Black children with type 1 diabetes (T1D) were at greater risk for recurring diabetic ketoacidosis (DKA) than their peers, regardless of whether they lived in better or worse neighborhoods, according to a cross-sectional study.
For children with DKA falling into the “very low” Child Opportunity Index (COI) 2.0 category — a measure of neighborhood resources and other health-influencing conditions — a significantly higher risk for readmission within 1 year was seen among Black children compared with their white and Hispanic counterparts (24.9% vs 17.4% and 17.1%, respectively), reported Kelly R. Bergmann, DO, MS, of Children’s Minnesota in Minneapolis, and colleagues.
And as described in JAMA Network Openthese racial disparities continued to persist even when examining DKA readmission rates at 1 year among kids living in neighborhoods with the greatest access to resources: 21.2% for Black children versus 13.0% and 15.9% for white and Hispanic kids, respectively.
Nonetheless, children from every racial group in the very low COI category had a significantly higher chance of being readmitted within a year compared to kids in very high COI communities (19.2% vs 13.8%). This suggests that regardless of race, young T1D patients in low COI neighborhoods may not have access to resources post-discharge.
“Our study revealed significant disparities in DKA health outcomes associated with neighborhood opportunity,” Bergmann’s group wrote. “Readmissions were higher in patients with low COI categories, adding strain to already disadvantaged populations.”
“The results of our study may be useful both for clinicians and health care systems as they seek ways to reduce health disparities and advocate for patients and families as well as for policy makers and community leaders who seek to enact change on a population level,” they added.
While diabetes-related acute kidney injury (AKI) was not linked with different COI scores, the group found that it was associated with race and ethnicity. A total of 6.8% of Black children had AKI compared with 4.8% and 4.2% of white and Hispanic children, respectively.
“Our finding that race and ethnicity constituted a significant factor associated with AKI across all levels of COI is novel, and future research should focus on racial and ethnic disparities in AKI among children with DKA,” Bergmann’s group noted.
The researchers also measured occurrence of cerebral edema, but this outcome didn’t differ between COI scores or race.
Bergmann’s group used clinical data from the Pediatric Health Information System, which included 46,496 patients under the age of 21 from 49 hospitals. The median age was 13 years and 53.5% were girls. The majority of individuals were white, 23.2% were Black, and 13.7% were Hispanic.

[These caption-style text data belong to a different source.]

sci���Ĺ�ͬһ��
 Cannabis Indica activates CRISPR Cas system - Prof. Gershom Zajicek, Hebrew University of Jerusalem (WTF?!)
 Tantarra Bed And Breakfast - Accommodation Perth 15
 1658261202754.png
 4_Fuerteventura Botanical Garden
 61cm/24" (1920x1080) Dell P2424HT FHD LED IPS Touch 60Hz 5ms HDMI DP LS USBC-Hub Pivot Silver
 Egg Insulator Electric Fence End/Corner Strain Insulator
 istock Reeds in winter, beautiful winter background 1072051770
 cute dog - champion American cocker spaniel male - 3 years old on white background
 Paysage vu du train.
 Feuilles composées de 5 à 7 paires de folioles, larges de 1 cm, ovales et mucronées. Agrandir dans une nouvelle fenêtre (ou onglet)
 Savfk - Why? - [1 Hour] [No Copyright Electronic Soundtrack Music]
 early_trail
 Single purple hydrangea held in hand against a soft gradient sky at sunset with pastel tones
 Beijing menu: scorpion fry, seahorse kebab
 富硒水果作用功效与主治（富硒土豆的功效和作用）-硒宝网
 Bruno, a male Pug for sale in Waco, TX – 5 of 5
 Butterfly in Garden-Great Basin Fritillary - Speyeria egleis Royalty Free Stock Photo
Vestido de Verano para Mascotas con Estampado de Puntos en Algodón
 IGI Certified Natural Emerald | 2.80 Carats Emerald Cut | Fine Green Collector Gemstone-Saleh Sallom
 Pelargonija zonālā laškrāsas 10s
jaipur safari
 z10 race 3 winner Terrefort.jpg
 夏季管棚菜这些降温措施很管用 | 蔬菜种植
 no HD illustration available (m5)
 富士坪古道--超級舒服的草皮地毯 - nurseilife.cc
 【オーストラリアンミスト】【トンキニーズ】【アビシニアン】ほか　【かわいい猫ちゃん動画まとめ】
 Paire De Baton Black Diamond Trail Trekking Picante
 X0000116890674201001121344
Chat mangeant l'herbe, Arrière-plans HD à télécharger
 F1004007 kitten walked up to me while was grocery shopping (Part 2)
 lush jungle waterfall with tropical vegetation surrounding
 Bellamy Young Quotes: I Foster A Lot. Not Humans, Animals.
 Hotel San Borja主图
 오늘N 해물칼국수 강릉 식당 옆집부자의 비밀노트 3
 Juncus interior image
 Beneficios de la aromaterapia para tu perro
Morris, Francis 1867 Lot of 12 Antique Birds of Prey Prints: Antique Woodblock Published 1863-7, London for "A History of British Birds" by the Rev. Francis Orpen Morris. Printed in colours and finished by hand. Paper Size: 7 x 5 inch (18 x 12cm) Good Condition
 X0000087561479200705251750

A total of 72,726 DKA encounters were included in the analysis based on ICD codes.
Developed in 2020, COI is a novel measure of neighborhood conditions and resources in the US, where low values indicate worse communities. The score is an aggregate of 29 determinants of health across three categories — education, health and environmental, and socioeconomic opportunities — that may impact a child’s health and development, including access to healthy food, proximity to parks, and high school graduation rates . COI is particularly relevant for this study population, as children living with T1D must calculate insulin dosing, manage diabetes technology like insulin pumps, and make healthy dietary choices. Previous studies have also linked COI with other pediatric health outcomes, including appendicitis.
The authors noted that hospital admissions are “commonly used as a quality indicator, in part because they may be avoidable with appropriate care during the index hospitalization and sufficient ambulatory care after discharge.” However, they pointed out that while the use of readmissions as an indicator of quality is “controversial,” the researchers said that the burden to both families and the healthcare system is “undeniable.”
“It has been estimated that 30-day pediatric readmissions account for $678 million dollars of all annual health care costs,” they wrote. “For children with T1D, the median charge for a DKA readmission is greater than $12,000, and pediatric intensive care unit charges are even higher.”
Some limitations of the study included an inability to account for comorbid mental health conditions or use of diabetes technology, which may influence DKA readmissions.
Bergmann reports no disclosures. One co-author disclosed relationships with Ascendis Pharma, Novo Nordisk, Soleno Therapeutics, Lumos Pharma, Saniona AB, Rhythm Pharmaceuticals, Endo Pharmaceuticals, and Pfizer.